Member of the Wisconsin Senate from the 1st district
- In office January 6, 1947 – January 3, 1955
- Preceded by: John E. Cashman
- Succeeded by: Alfred A. Laun Jr.

Personal details
- Born: January 4, 1901 Two Rivers, Wisconsin
- Died: March 20, 1961 (aged 60) Two Rivers, Wisconsin
- Party: Progressive Union Party Republican
- Profession: Commercial fisherman

= Everett LaFond =

American politician

Everett F. "Butch" LaFond (January 4, 1901 – March 20, 1961) was an American commercial fisherman and politician from Two Rivers, Wisconsin.

== Background ==
LaFond was born January 4, 1901, son of Henry and Minnie (Krueger) LaFond, in Two Rivers, where his ancestors had been commercial fishers since 1848. He attended St. Luke's parochial school, and Washington High School. He was a World War I veteran, having served in the Navy on Atlantic Ocean minesweepers. He was discharged in 1919 (he would be active with the American Legion and the Veterans of Foreign Wars, serving as commander of the local VFW Post 1248), and went into the family business, the Lafond Fish Company.

== Fishing business ==
LaFond was a vehement and outspoken advocate of the interests of the commercial fishing industry, and frequently came into conflict with conservation forces in Wisconsin. He was the founding secretary of the Wisconsin Federation of Commercial Fishermen when it was founded in 1927 at Two Rivers. By 1930, in coordination with his father Captain Henry LaFond, he was challenging the new state restrictions on the size of the mesh in fishing nets, claiming the state's new regulations would harm fisheries in Lake Michigan. He would continue to disagree with state wildlife and conservation forces for decades to come, culminating in several cases where he was involved in violent clashes. In 1935, he got into a fistfight in the hallways of the Wisconsin State Capitol with another commercial fisherman who supported proposed state regulations. One of a series of clashes between groups including LeFond and his family and state conservation watercraft sent two state conservation wardens to the hospital.

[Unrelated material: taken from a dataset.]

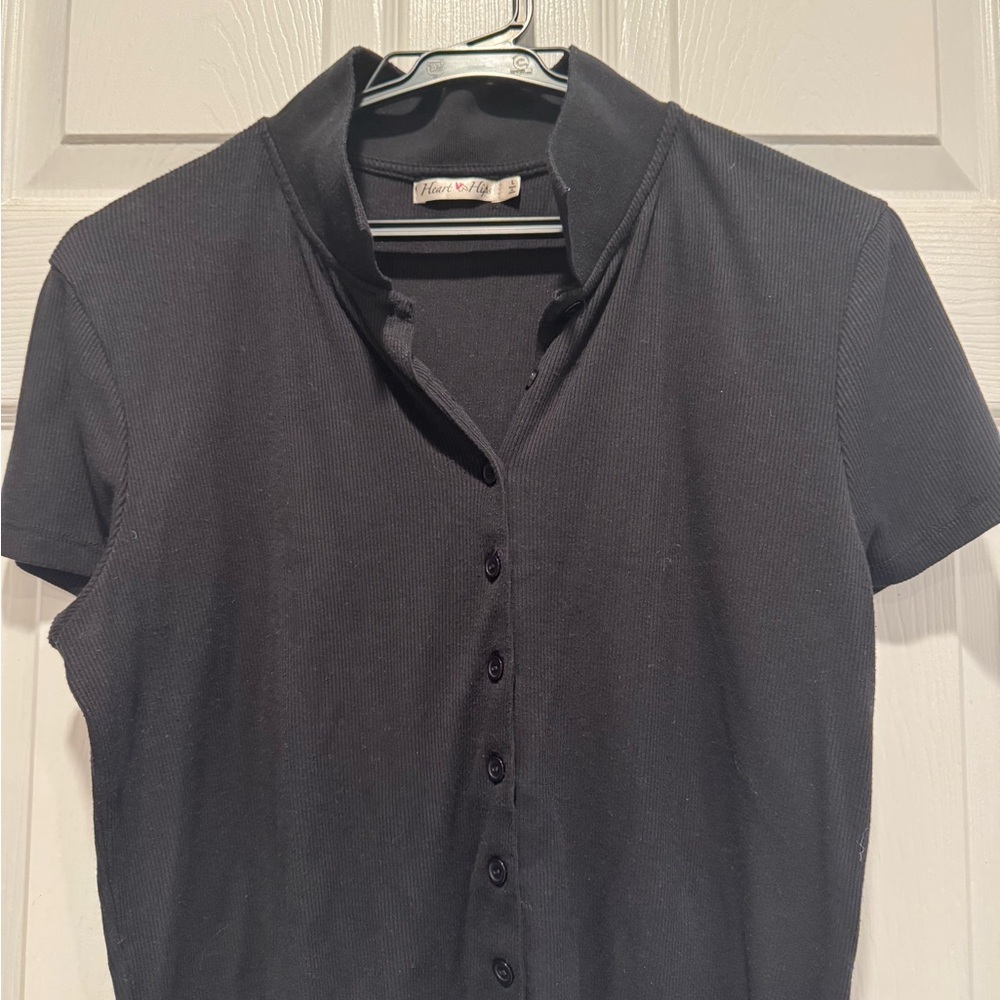 Black Button-Up Short Sleeve crop Top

On December 2, 1947, now-Senator LaFond and two fellow fisherman (one of them Assemblyman Frank Le Clair) got into another clash with conservation wardens, and were charged with preventing the wardens from seizing evidence of violations of fishing laws. He was convicted of "resisting and obstructing conservation wardens in the performance of their duties," in part because of witness testimony that he told members of a mob gathered on the dock "Come on, boys, let's take 'em!"

== Public office ==
He was a member of the Two Rivers city council in 1934. In the mid-1930s, LaFond (who had been regarded as a leading member of the Wisconsin Progressive Party in the area, broke with the Progressives over commercial fishing regulations, and became identified with the populist Union Party. After flirting with a run against Governor Philip La Follette in 1938, he instead ran on the Union ticket for Wisconsin's 1st State Senate district (Door, Kewaunee and Manitowoc counties) to replace retiring Progressive John Cashman. He drew only 1334 votes, to 10,130 for Democrat Francis A. Yindra, 8,515 for Progressive George W. Kiel, and 8,413 for Republican Fred Borcherdt. He served on the Two Rivers school board from 1940 to 1943, and was a member of the Manitowoc County Board of Supervisors from 1934 to 1947.

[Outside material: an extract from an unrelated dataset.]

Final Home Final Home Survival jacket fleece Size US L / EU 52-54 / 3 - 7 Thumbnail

In 1946, Cashman (who had returned to the Senate's 1st District) died in office. LaFond, running now as a Republican, won a substantial plurality in a six-way primary election, and was unopposed in the general election. He was assigned to the standing committee on highways. At the start of the new legislative session, LaFond announced a plan to take control of net fishing away from the state conservation commission and return it to legislative control.